Moreover, in order to fully address competitiveness issues, exports would need to be rebated as competition takes place not only at home but also to a high degree in export markets. This criterion is not fulfilled in any existing proposal on BCAs. In other words, as most existing proposals do not fulfil the criteria, border carbon measures would probably not be fit to do the job they are intended to do.

Looking at the compatibility of border measures with the obligations of the WTO, the situation is unclear. The legal option that seems to have the most support as a ground for border carbon measures would be to show that they are necessary deviations from the general principles of the WTO in order to protect exhaustible natural resources. However, the discussions related to the existing proposals on BCAs have focused mainly on the protection of domestic jobs and economies. Therefore, it may be difficult to persuade a WTO panel that the environment is the real reason for restricting trade.

The high political price of border measures

More worrying is that there seem to be important political risks associated with BCAs. In particular, BCAs risk creating bad will both in the climate change negotiations and in the multilateral trading system. Indeed, many countries that have done little historically to contribute to the problem of climate change and now risk facing taxes at the border, claim they are being unfairly pushed in the climate change negotiations. Additionally, some have indicated that they are reluctant to further open their economies through trade liberalization if industrial economies plan on raising new barriers to trade. Moreover, BCAs could risk opening a Pandora’s box of protectionist measures, which could lead to a veritable trade war.

Should BCAs be the last straw in causing climate change negotiations - and maybe even the trade negotiations in the WTO - to collapse or to seriously lower the ambitions and fall back on second or third best alternatives, the real consequences would be considerable both for climate change and for the world economy.

Development implications of BCAs - the big unknown

The effects of BCAs on developing countries would need to be studied in great detail by countries imposing such measures. The debate today focuses mainly on China and India as likely targets for BCAs. However, preliminary analysis of the Waxman-Markey bill indicates that as many as some 25 countries could be targeted. What would that mean to the trade and development of those countries? Would other developing countries also be affected, through changed world market prices of energy-intensive goods or through altered trade patterns following the new trade restrictions? These questions should be studied in order to avoid adverse effects on the trade and development of poor. Indeed, the world is committed through the Agenda 21, the Millennium Development Goals as well as through the UNFCCC and the WTO to strive for sustainable development. Policies that protect the environment at the expense of welfare and opportunities for the poor and poor countries cannot be sustainable.
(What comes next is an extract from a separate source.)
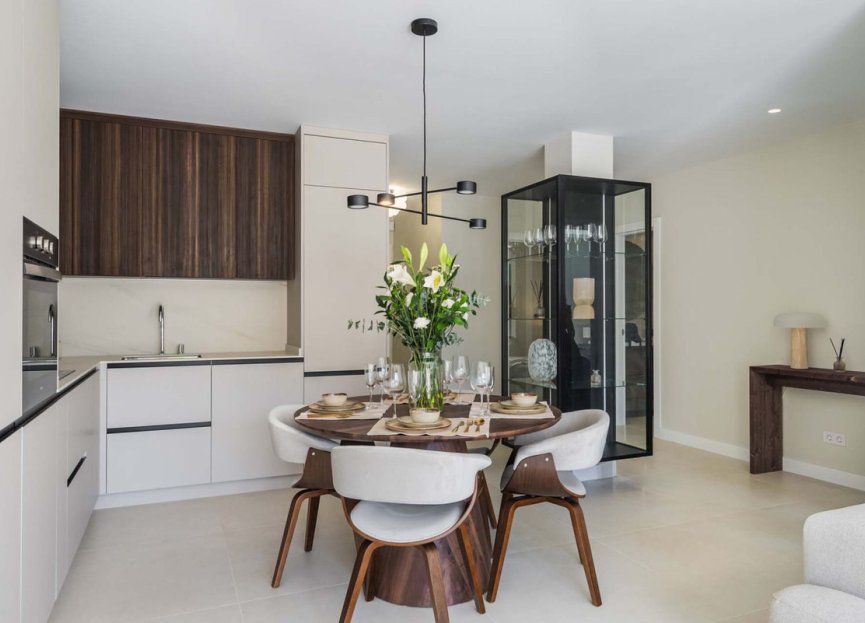 Resale - Apartment - Middle Floor Apartment - Benahavís - Benahavís Centro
Today, we lack knowledge of the consequences of BCAs. We simply have no experience to fall back on. Dealing with carbon and greenhouse gas emissions, economy-wide, has never been done before and lacks precedents. Therefore, we must rely on simulations and prognostics. However, as long as we do not know what the final design of the measures will look like, and how much trade is likely to be affected, all simulations and prognostics must be based on a great number of assumptions.

Understanding the possible merits and impacts of the eventual use of BCAs is particularly relevant in the current context of uncertainty with respect to the outcome of the Copenhagen Climate Conference in 2009. If a full-fledged global deal cannot be secured, national policies and measures, eventually including BCAs, may end up acting as the primary instruments in curbing global carbon emissions.